Thread: the correct syntax for ''char'' type

  1. #1
    Registered User
    Join Date
    Feb 2005

    Question the correct syntax for ''char'' type

    hi have to make a simple calculator for my prog course but the teacher didn't give the explanation about the char type

    so my prog will look like this
    int main (void) 
        float a,b,c;
        char operation[1];
        printf("Calculatrice de base\n entre les operation sous la forme a () b");
        printf("\n + (addition)             *");
        printf("\n - (soustraction)         *");
        printf("\n * (multiplication)       *");
        printf("\n / (division)             *");
        printf("\n t (terminer le programme)*");
        if (operation=='+')
            printf("\n %f + %f = %f",a,b,(a+b));
        if (operation=='-')
           printf("\n %f - %f = %f",a,b,(a-b));
        if (operation=='*')
           printf("\n %f * %f = %f",a,b,(a*b));
        if (operation=='/')
           {if (b==0)
            printf("division pas 0 impossible !!!");
            else printf("\n %f / %f = %f",a,b,(a/b));
        if (operation=='t')
            return 0;
        return 0; 

    [Warning] comparison between pointer and integer

    at each ''if''

    i don't want you to programm it but can you tell me the correct way to write the char declaration and if i can do a comparison with char like i did if yes, how to do it correctly

  2. #2

    The char data type is a single byte, capable of holding one character in the local character set. Your implementation, however, represents a character array. Arrays are a series of elements (variables) of the same type placed consecutively in memory that can be individually referenced by adding an index to a unique name.

    That means that, for example, we can store 5 values of type char without having to declare 5 different variables each with a different identifier.

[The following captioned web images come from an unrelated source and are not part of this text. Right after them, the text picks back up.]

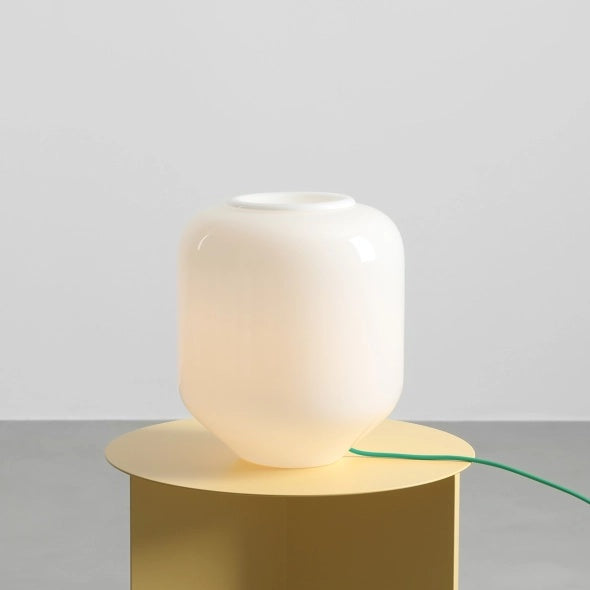 Lampadar KOLBE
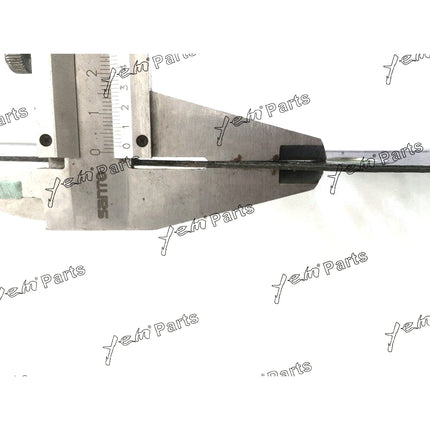 Head Gasket For Kubota 4D110 / V4300 Engine Parts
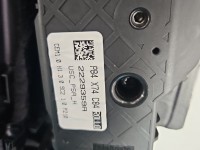 Szyberdach Peugeot 3008 II HB 5d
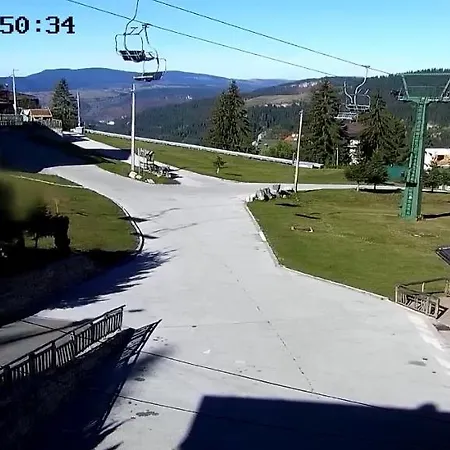 Vlasicka Prica Eko Fis Vlašić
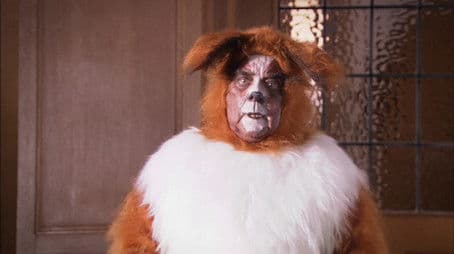 The One Ronnie Christmas Special 2010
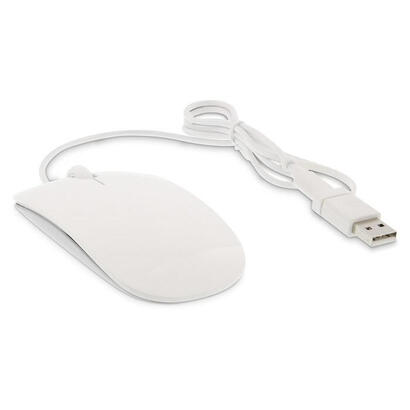 lmp-ms-1657c-raton-oficina-usb-tipo-a-optico-1600-dpi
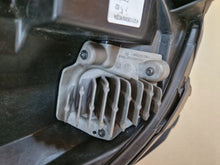 Laden Sie das Bild in den Galerie-Viewer, Frontscheinwerfer Mini Ein Satz Scheinwerfer Headlight SCH5666173972zw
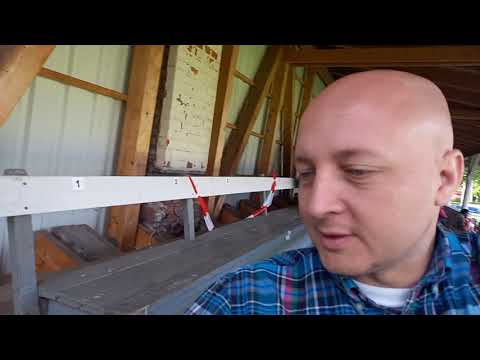 Groundhopping beim FC Kilia Kiel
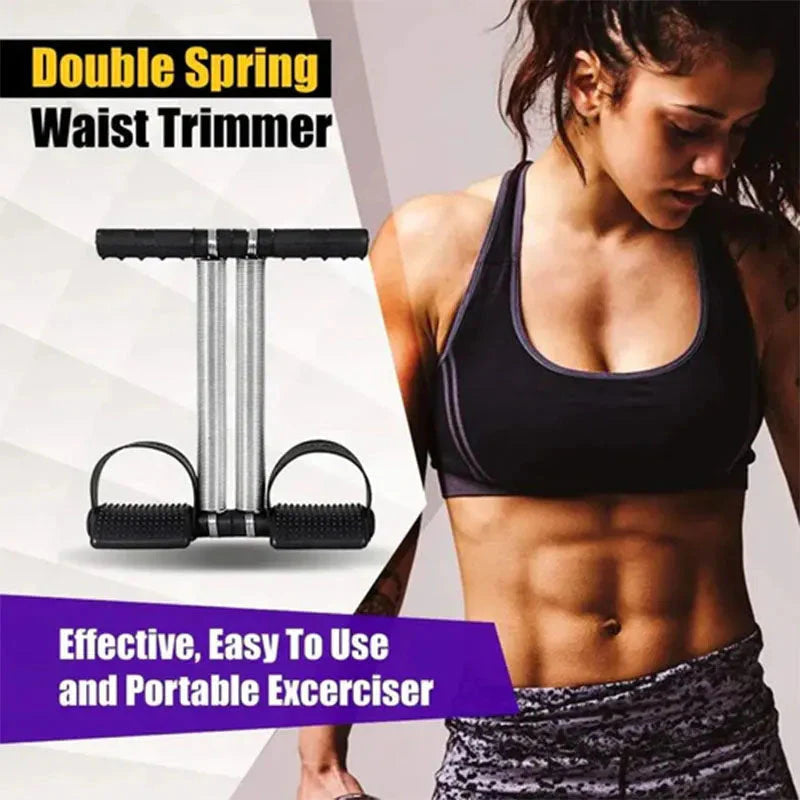 PRODESIRE™ TUMMY TRIMMER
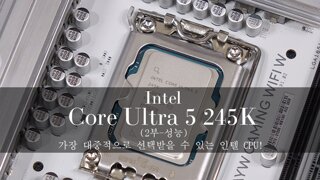 갤러리 프리뷰 이미지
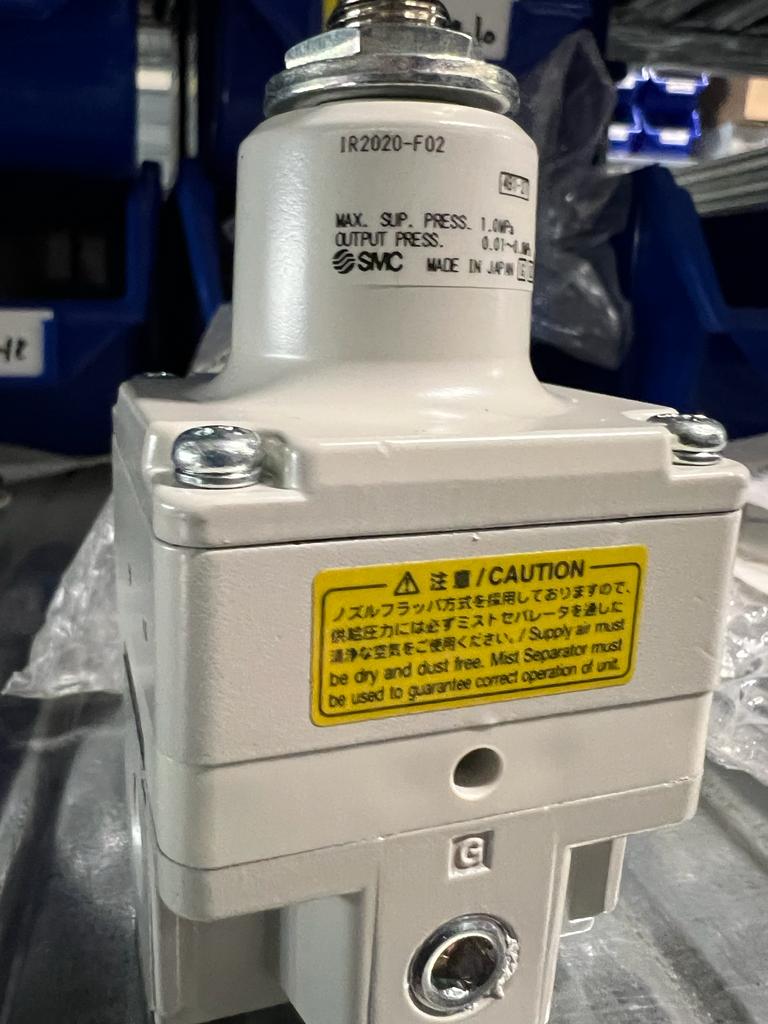 IR-2020-F02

Instead, using an array we can store 5 different values of the same type, char for example, with a unique identifier.
    char item[5];
    Index    Position
    item[0]  First
    item[1]  Second
    item[2]  Third
    item[3]  Fourth
    item[4]  Fifth
    These are numbered from 0 to 4 since in arrays the first index is always 0, independently of its length. Thus, your implementation should become clear why your compiler returns a warning:
    if (operation=='+')
    Your character array operation is being checked against a single byte. Rather, you should keep the comparisions within the same boundaries:
    char operation;
    scanf("%c", &operation);
    If you want to use an array, you can do the following while subscripting your arrays, [0], [1], etc...

    - Stack Overflow
    Segmentation Fault: I am an error in which a running program attempts to access memory not allocated to it and core dumps with a segmentation violation error. This is often caused by improper usage of pointers, attempts to access a non-existent or read-only physical memory address, re-use of memory if freed within the same scope, de-referencing a null pointer, or (in C) inadvertently using a non-pointer variable as a pointer.